■ AIM OF THE EXERCISE
Return exactly, please, the line that contains "ANNINA SLEEPING CAP" and every line after it through the end of the material that follows, leaving pictures aside.

■ MATERIALS PROVIDED
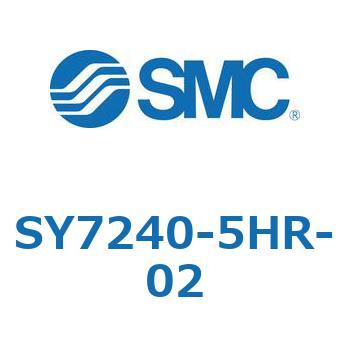 S Series(SY7240) SMC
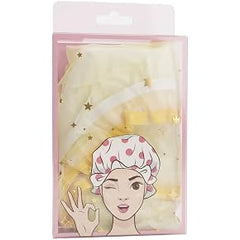 ANNINA SLEEPING CAP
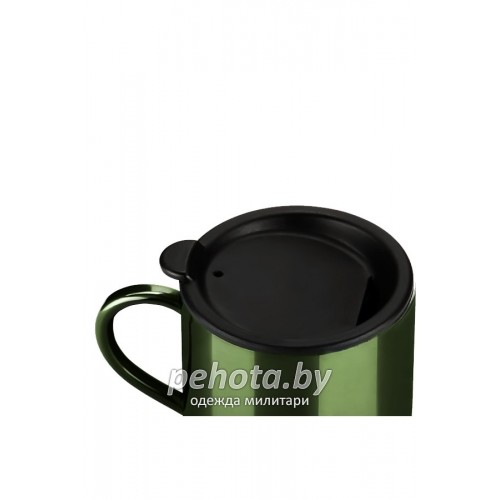 Термос Кружка 300 мл 802-300 Болотный | Арктика фото 2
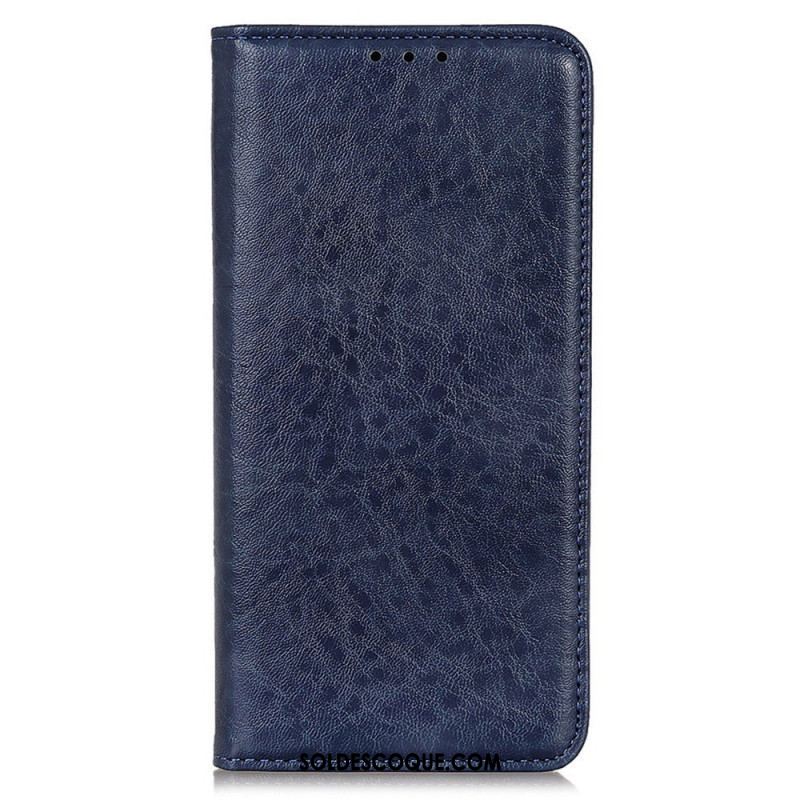 Flip Cover Samsung Galaxy M23 5G Style Cuir Texturé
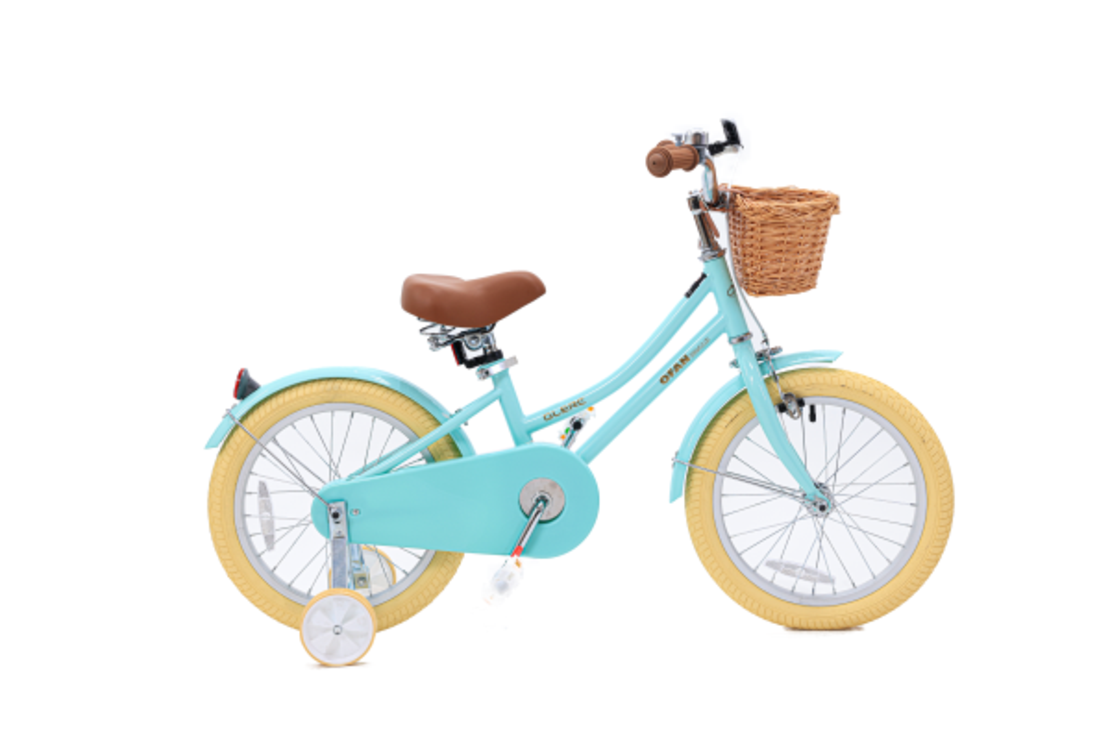 16- VINTAGE אופניים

■ SOLUTION TO THE PROBLEM
 ANNINA SLEEPING CAP
 Термос Кружка 300 мл 802-300 Болотный | Арктика фото 2
 Flip Cover Samsung Galaxy M23 5G Style Cuir Texturé
 16- VINTAGE אופניים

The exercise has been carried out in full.